American engineer, president of the Bullard Machine Tool Company

Edward Payson Bullard Jr. (July 10, 1872 – June 26, 1953) was an American engineer, president of the Bullard Machine Tool Company for 40 years, and inventor. He was awarded the ASME Medal in 1937.

Bullard was born in Columbus, Ohio, as son of Edward Payson Bullard Sr. and Alice Martha (Camp) Bullard. After attending Williston Seminary until 1891, he studied at Amherst College from 1890 to 1892. After his graduation he spent his entire career at Bridgeport Machine Tool Co.
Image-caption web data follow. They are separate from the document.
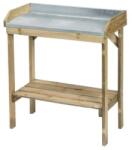  Növényültető asztal fából, cinkből készült asztallappal, 97x85x42cm, munkafelület: 54x81cm (6020500 - 6020500)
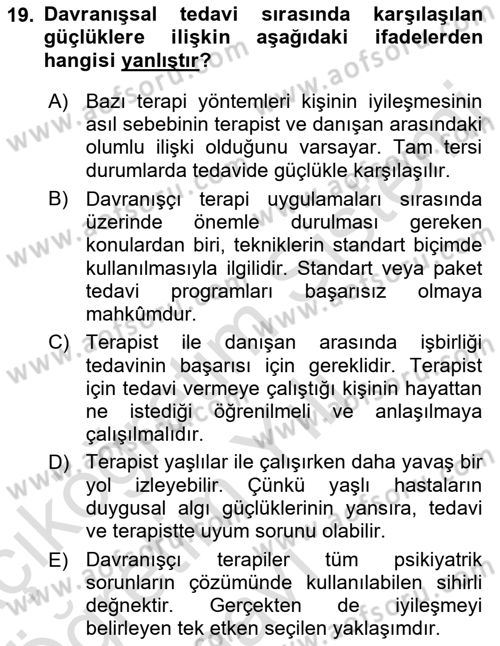 Temel Bakım Hizmetleri Dersi 2021 - 2022 Yılı Yaz Okulu Sınav Soruları 19. Soru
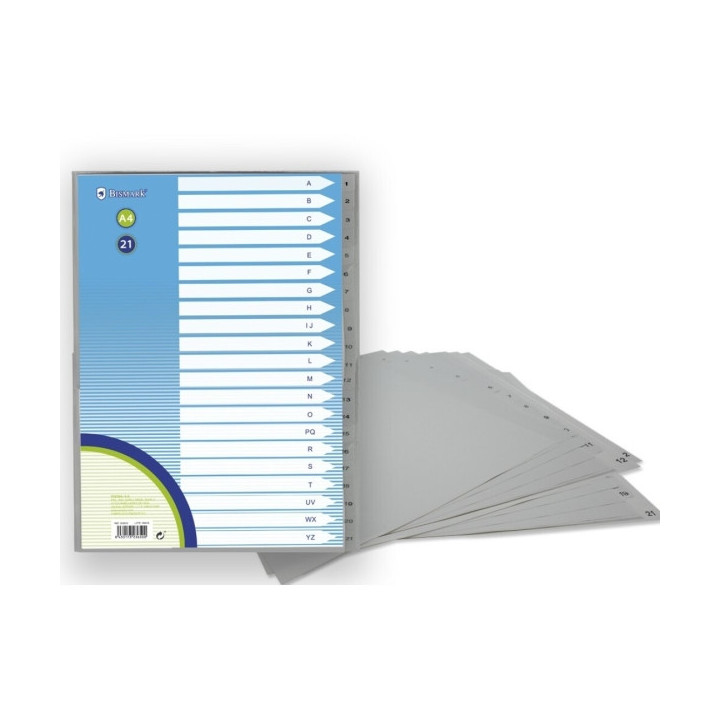 Bismark Indice Numerico con Pestañas del 1 al 21 - Multitaladro - Formato A4 - Fabricados en Polipropileno - Color Gris
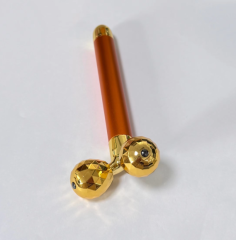 Y shaped gold color zinc alloy skin care tools Electric Facial Lifting Stick 3D Golden Beauty Roller For Face Slimming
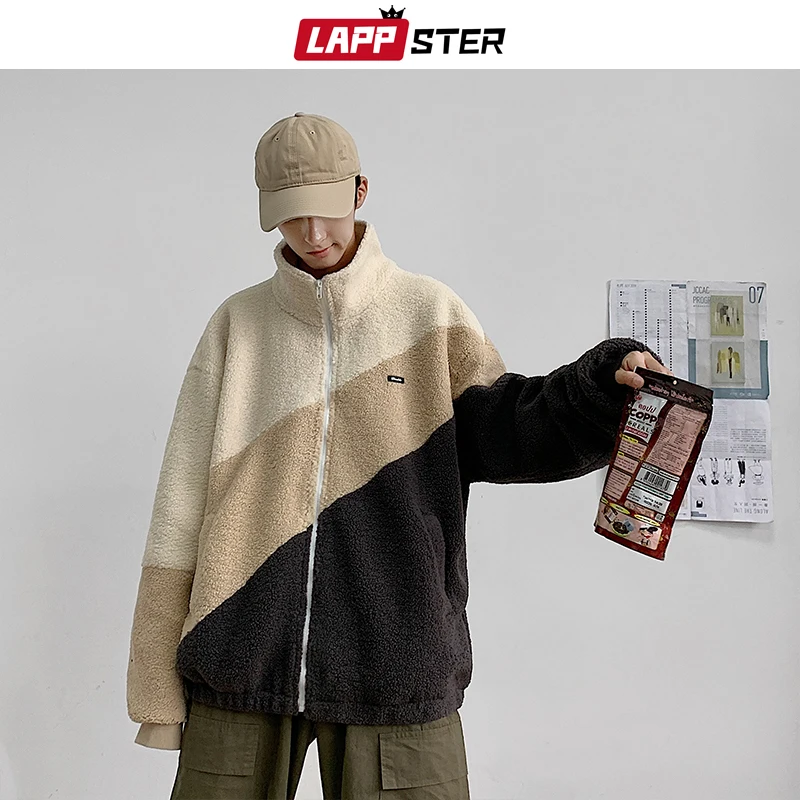 

LAPPSTER Men Harajuku Patchwork Wool Winter Jackets Coats 2022 Mens Thick Streetwear Overcoat Male Hip Hop Jacket Windbreaker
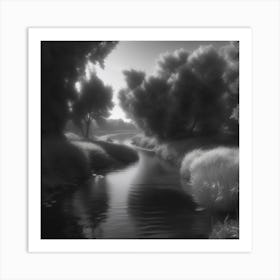 Black And White River 5 Art Print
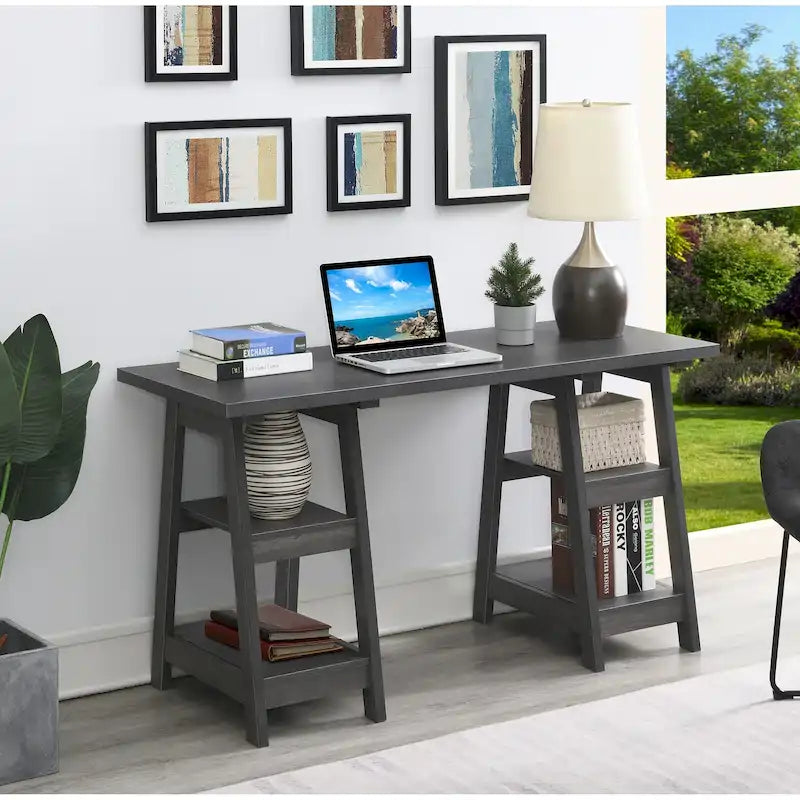 Bureau double tréteau avec étagères Designs2Go de Convenience Concepts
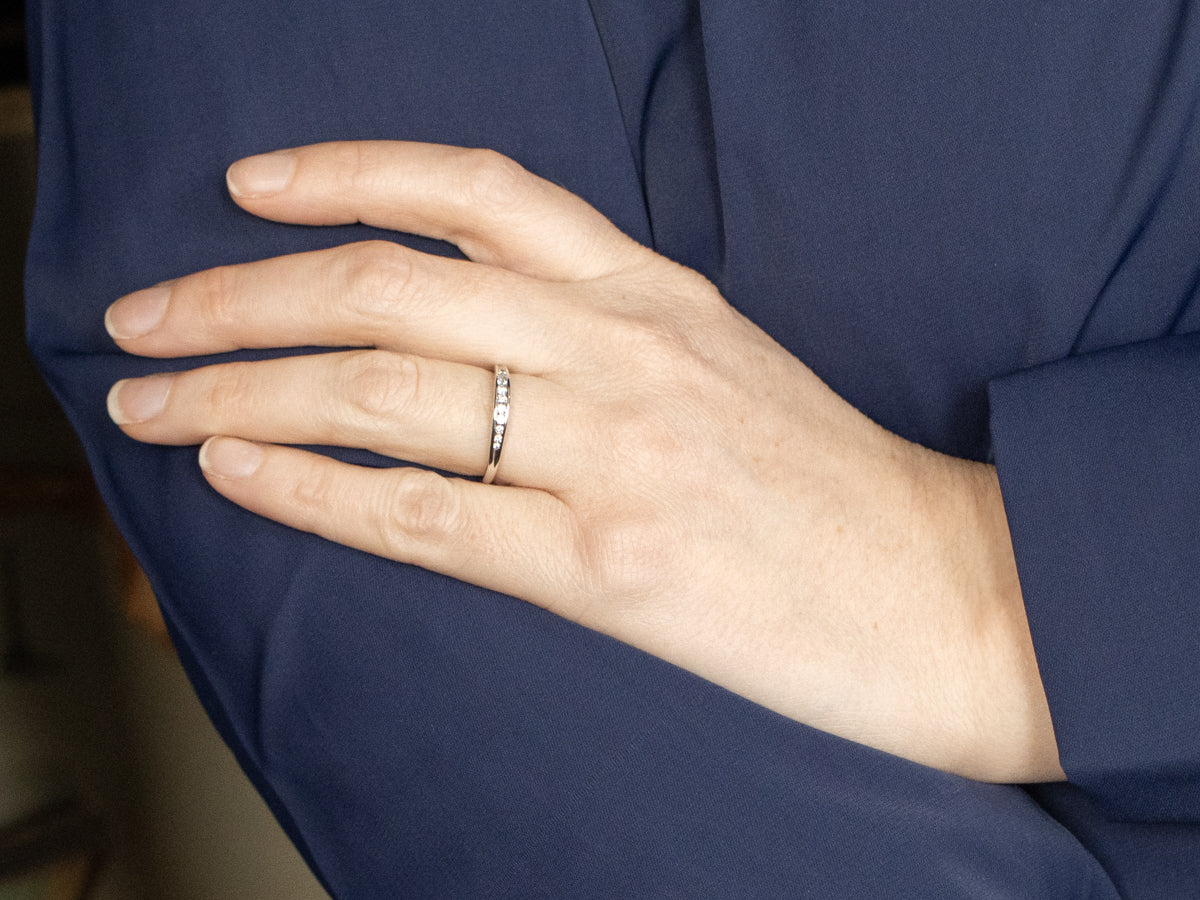 Thin White Gold Channel Set Diamond Band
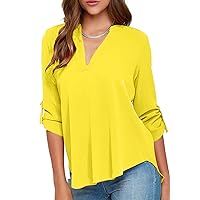 EFOFEI Womens Long Cuffed Sleeve Notch V Neck Chiffon Solid Color Tops Blouse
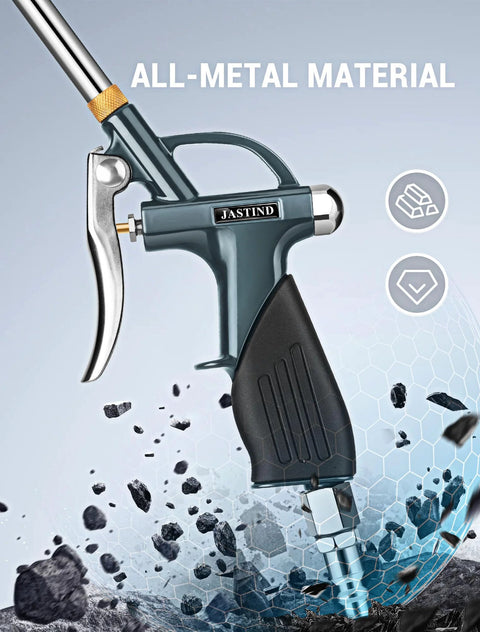 Extendable air blow gun with a 19 to 28 inch nozzle, all metal body and rubber grip, ideal for dust removal in tight spaces.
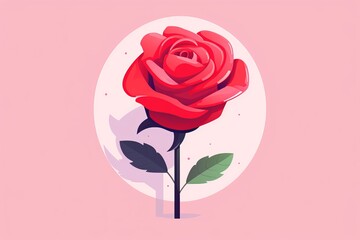 A red rose is in full bloom against a pink background.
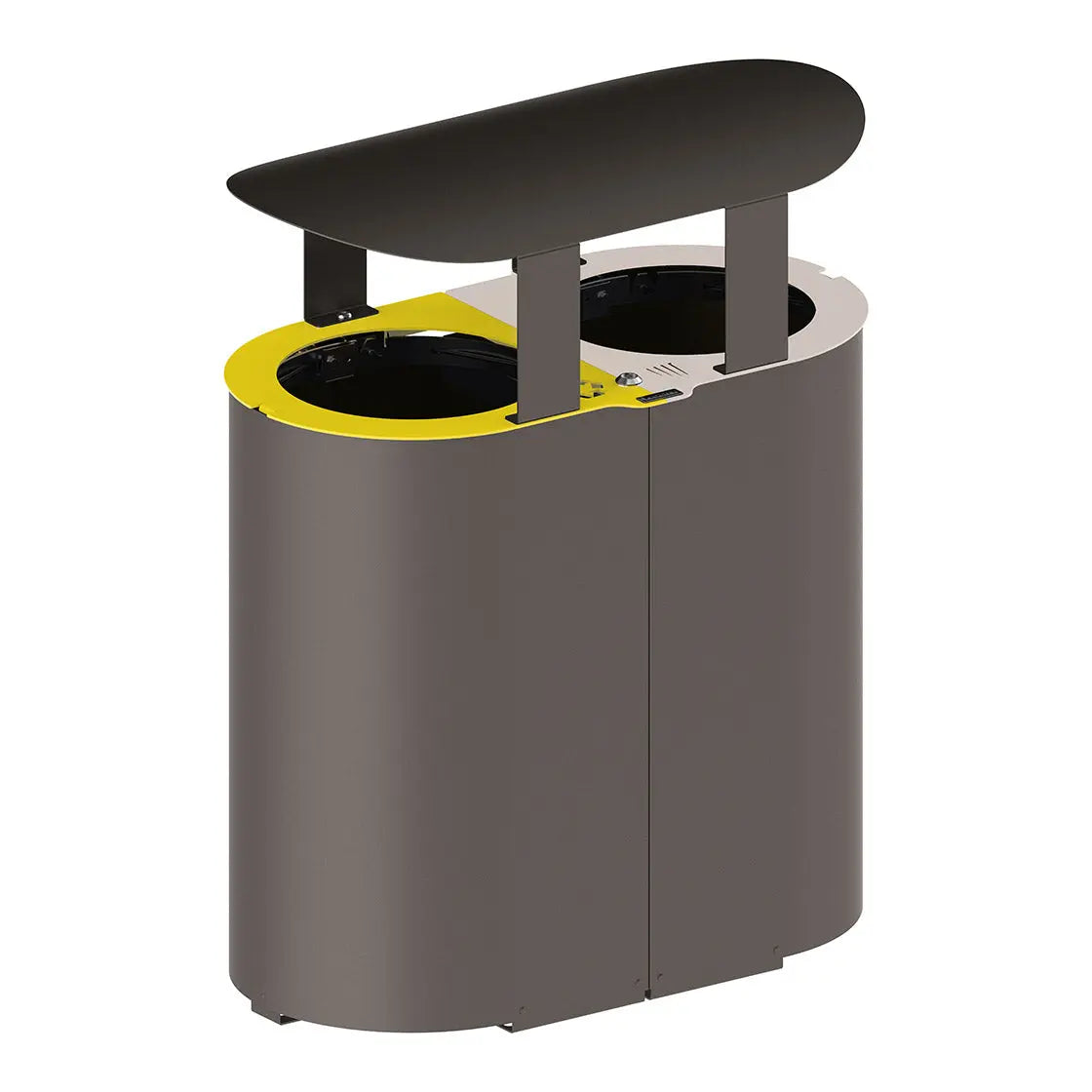 Vue produit : Corbeille Rome avec toit Tri sélectif 2 x 50 litres, Gris city, Sans seau, 2 x 60 L, Jaune et grise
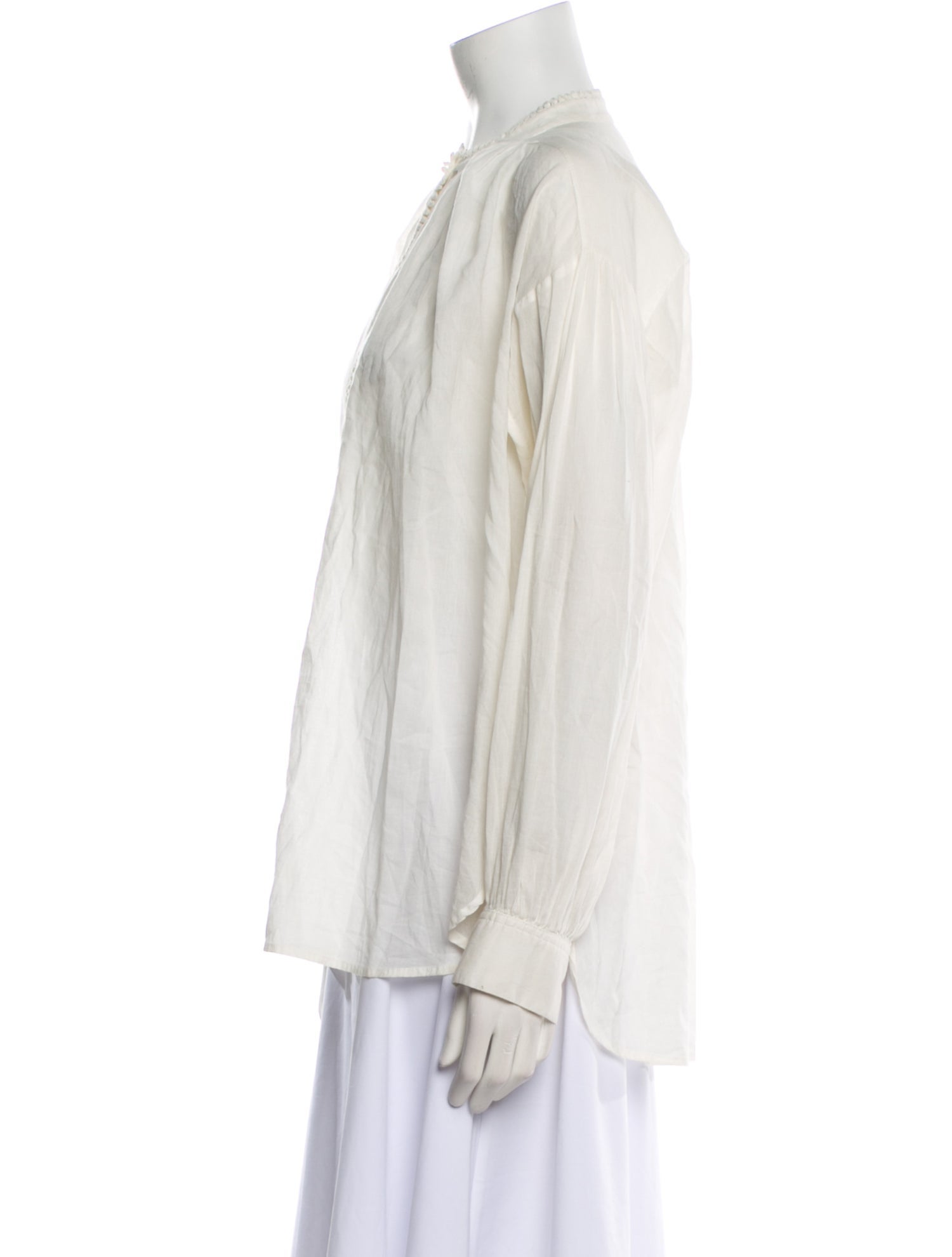 Nili Lotan Mock Neck Long Sleeve Button-Up Top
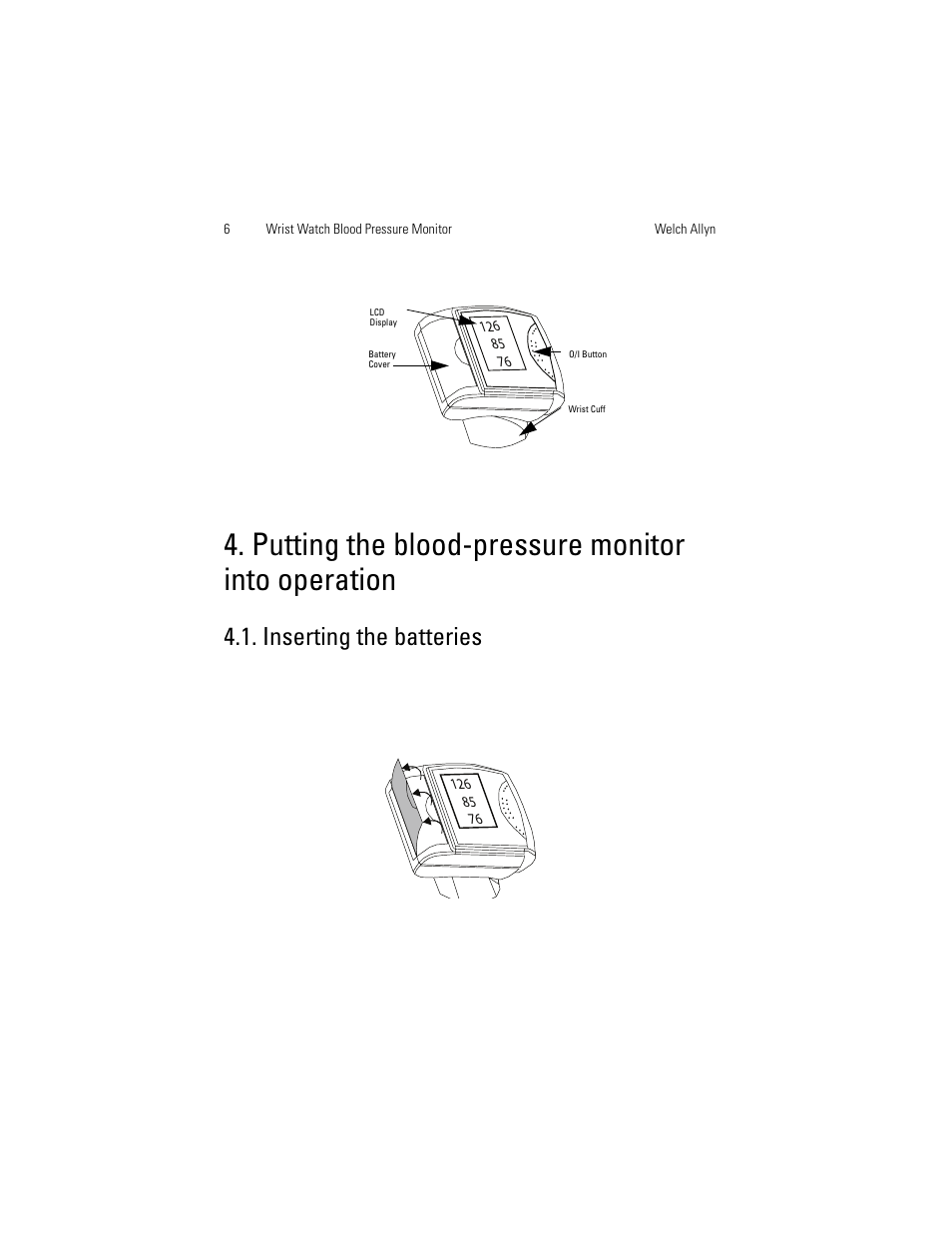 Putting the blood-pressure monitor into operation, Inserting the batteries | Welch Allyn OSZ 3 Easy - User Manual User Manual | Page 14 / 104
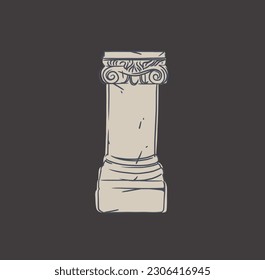 Hand drawn vector abstract outline,graphic,line art greek ancient sculpture old column line modern drawing.Antique classic statues in trendy bohemian style,outline design concept.Antique statue logo.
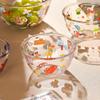 Cartoon Pattern, Clear Glass Bowl, Suitable for Children, Fruit Salad, Home Breakfast, Yogurt Soup, Rice Bowl, Kitchen Utensils.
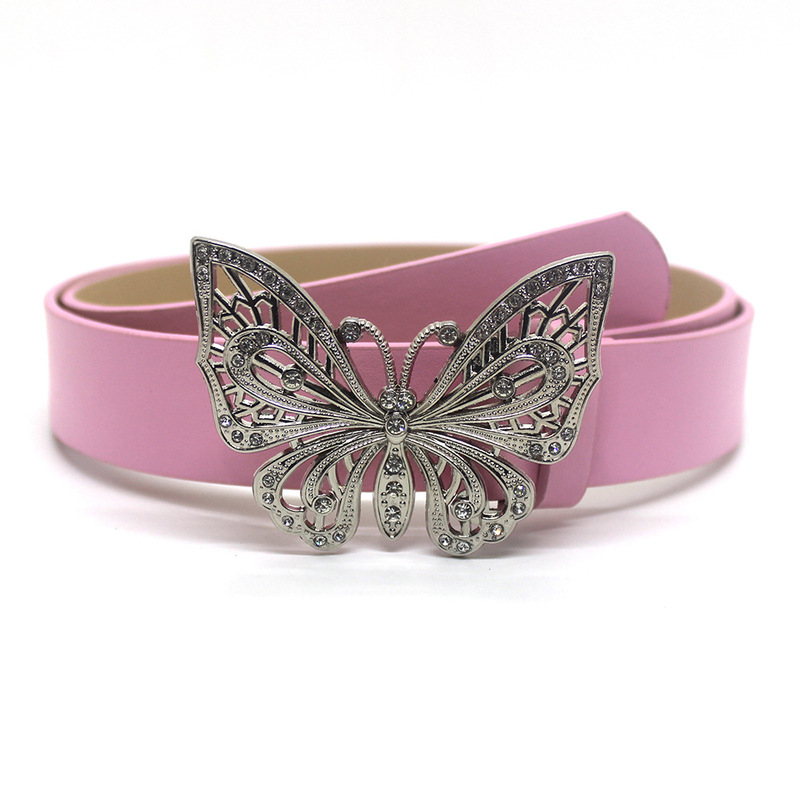 Trendy new retro diamond butterfly women's belt Korean style fashionable all-match personalized jeans dress belt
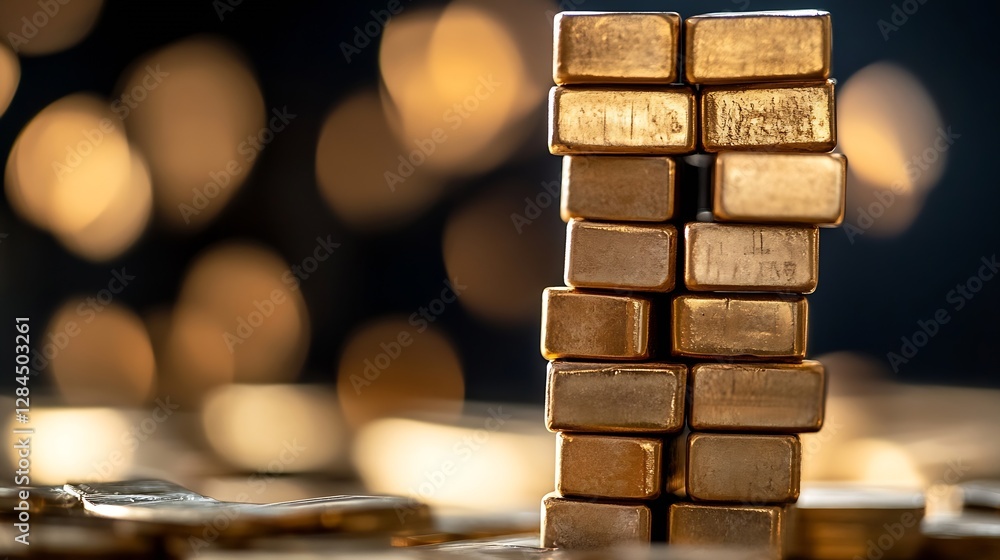 Aufkleber stunning close up of gleaming gold bars displaying luxury and wealth with a blurred golden backgroun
Bullard Jr. continued the family machine tool business and brought the turret principle to the vertical boring mill, making it a vertical turret lathe. He led the development of the company's multiple-spindle Mult-Au-Matic brand machine that became an important automatic lathe in the mass production of parts for the automotive industry. He was president of the company for 40 years, through World War I, the interwar period, and World War II, a period during which the Bullard company was the largest machine tool builder in the U.S., and vast volumes of military matériel were produced by countless companies running Bullard machines.

== Selected publications ==
- Patent Rotary-table bearing. US 828876 A, 1905–06.
- Patent Counterbalancing device. US 828875 A, 1905–06.
- Patent Controlling means for machine-tools, US 1382340 A, 1921.